Laube said merchants are eager to see added value from the data flow, and are reasonable about the cost of electronic payments, despite the recent rhetoric surrounding interchange.

“Retailers understand that there are costs, and they don’t want to go back to paper-based payments, but what gives them angst is that they have very little control, and they want more transparency,” she said.

“All parties understand that we don’t have to do every thing at the expense of the consumer.”

The Cardlytics system is aimed squarely at the “daily deals” phenomenon triggered by the sensational growth of Groupon, but offers significant advantages.

Most importantly, the Cardlytics system generates offers that customers can redeem at the point of sale without the hassle of remembering to print and present a coupon.

And marshalling transaction data to generate offers allows merchants to better target offers to distinct customer segments, identify potential customers currently shopping at other retailers, and even drive sales of particular product lines by narrowcasting offers at customers most likely to buy.

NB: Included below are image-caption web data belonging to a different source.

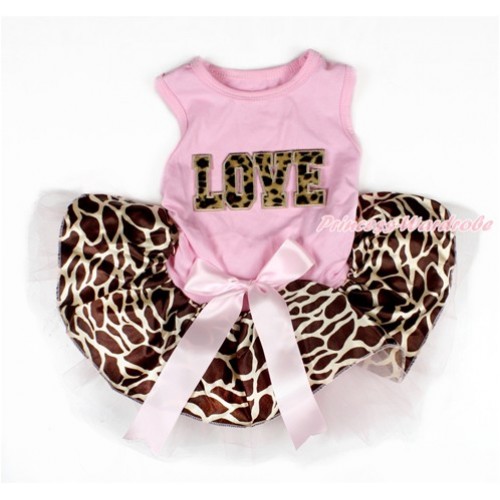 Light Pink Sleeveless Light Pink Giraffe Gauze Skirt With Leopard LOVE Print With Light Pink Bow Pet Dress DC093 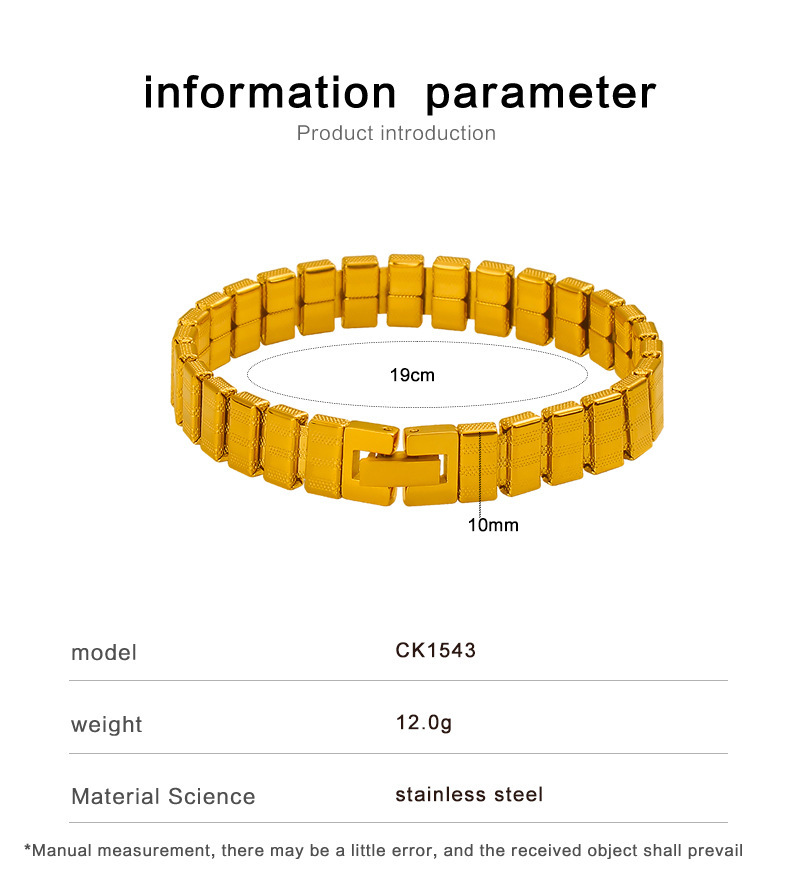 Adjustable Titanium Steel Stripe Bracelet Non-Fading Gold Plated Stainless Steel Wristband Women Jewelry Accessories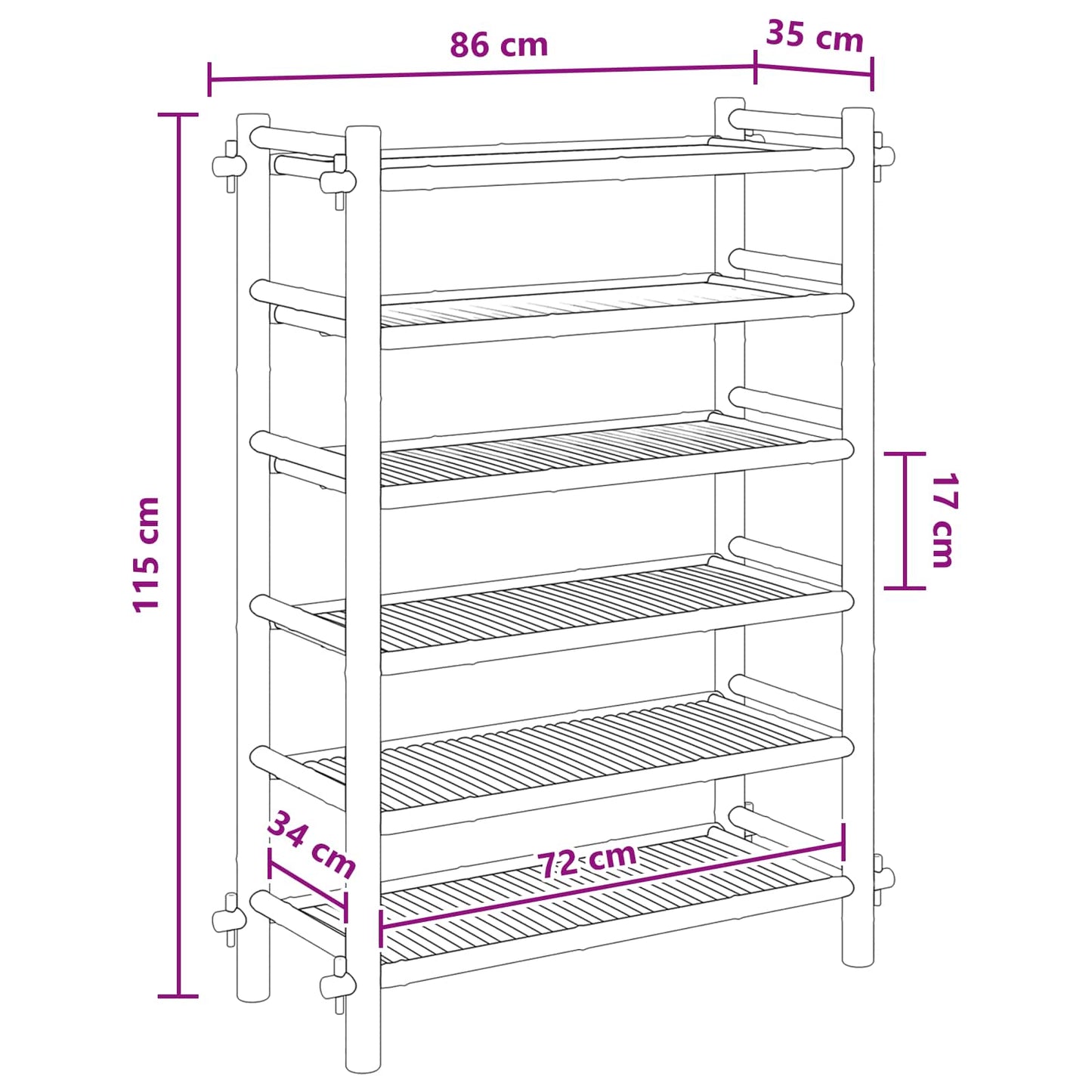 Shoe Rack with Shelf Natural 6-tier Bamboo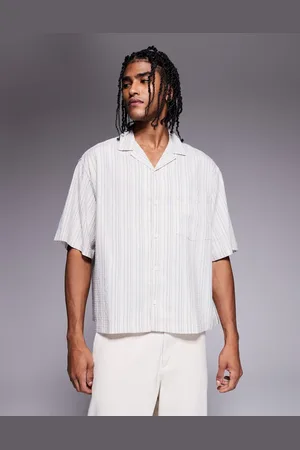 ASOS Oversized skjorte i bæk-og-bølge-stof med store ærmer, firkantet pasform og striber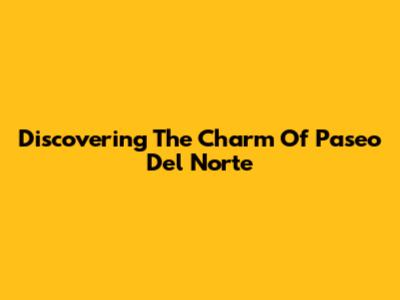 Discovering The Charm Of Paseo Del Norte
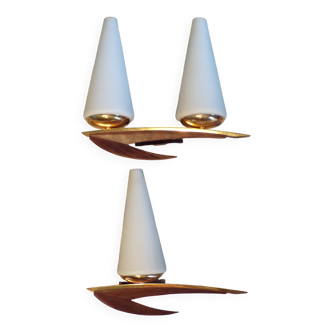 Duo of Arlus teak and brass wall lights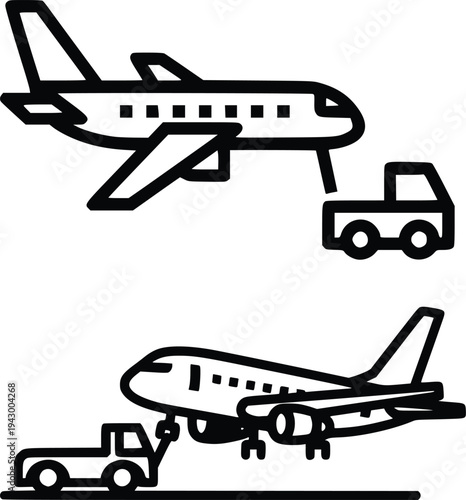 Airplane Pushback Tug Silhouette – Airport Ground Vehicle Vector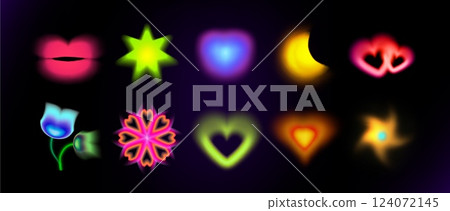 Neon blur shapes with vibrant y2k style Neon blur shapes with vibrant y2k style 124072145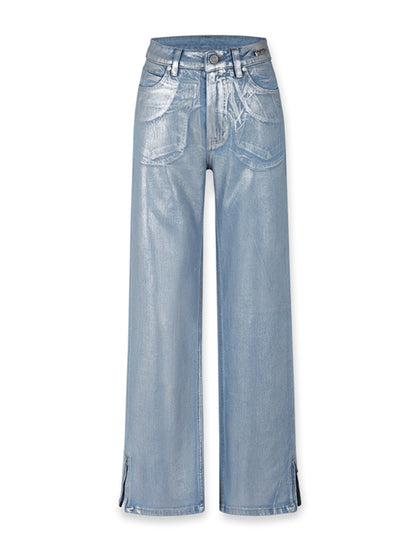 Denim Zipper-Slit Straight-Leg Jeans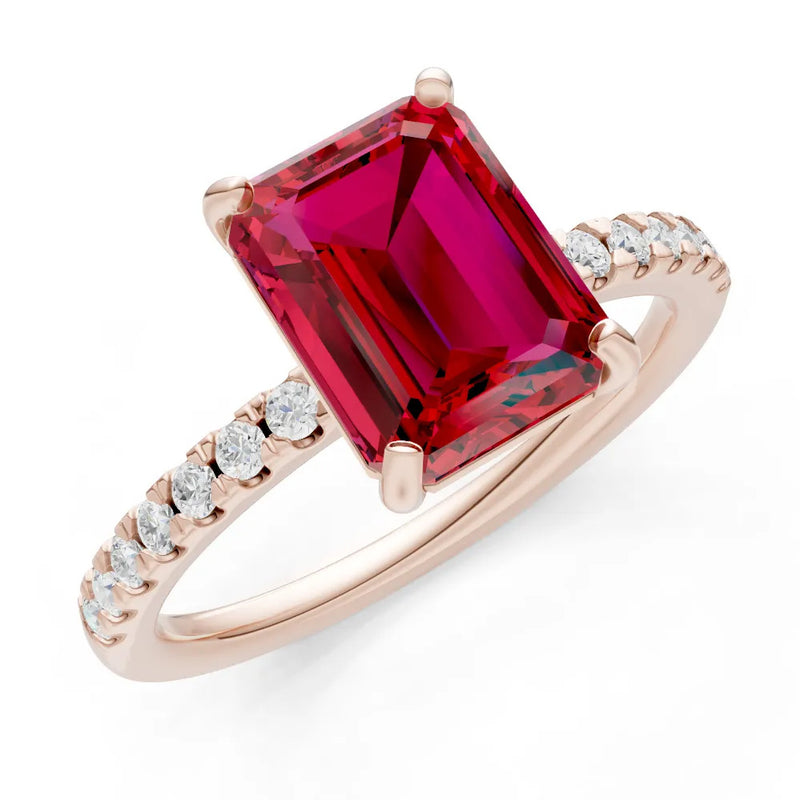 Ruby Emerald Cut Solitaire Engagement Ring with Accent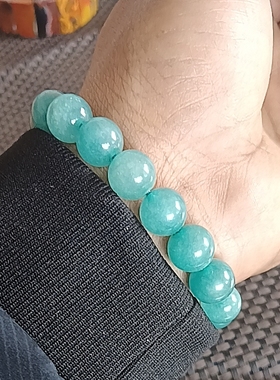 天河石手链收藏级转运珠男女款蓝绿高冰蓝色水晶宝石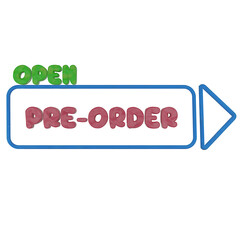 3d illustration, OPEN PRE-ORDER banner design with colorful funny characters in clay doh or plasticine texture.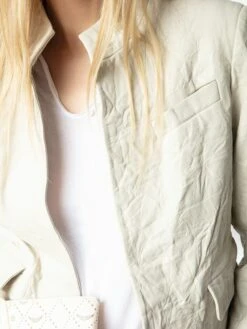 Zadig & Voltaire Veryn Crinkled Leather Blazer Judo -Zadig & Voltaire Clothing RWBL01084 JUDO HOVER 67b759296e5b2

Transactional marketing taps into the most precise kind of consumer segmentation possible: the shopping behaviour and spending levels of consumers.

Based on analytics of debit and credit card transactions by banking customers, Cardlytics allows the marketer to segment a large consumer base in a given geographic area based on where they shop, how much they spend, the frequency of their spend and a host of other variables.

“We have learned through this system that consumers are less loyal to a particular merchant than people think, but really loyal to categories,” Laube said.

“If you like to eat out a lot, you spread your business around among a number of merchants, and you’ll spend elsewhere if incentives exist.

“If you spend a lot on clothing it may be that share of wallet is going down but sales look the same, so we have to think about what consumers are doing in other stores as well.”

Laube said that Cardlytics is in the midst of creating a national sales force to augment national offers with local deals.

“We have discovered that we do two to three times the business in cities where we have the local and national mix, so when you have the local offers in the channel, you have more of a mix, from oil changes to dry cleaners, pizza parlours and local pubs,” she said.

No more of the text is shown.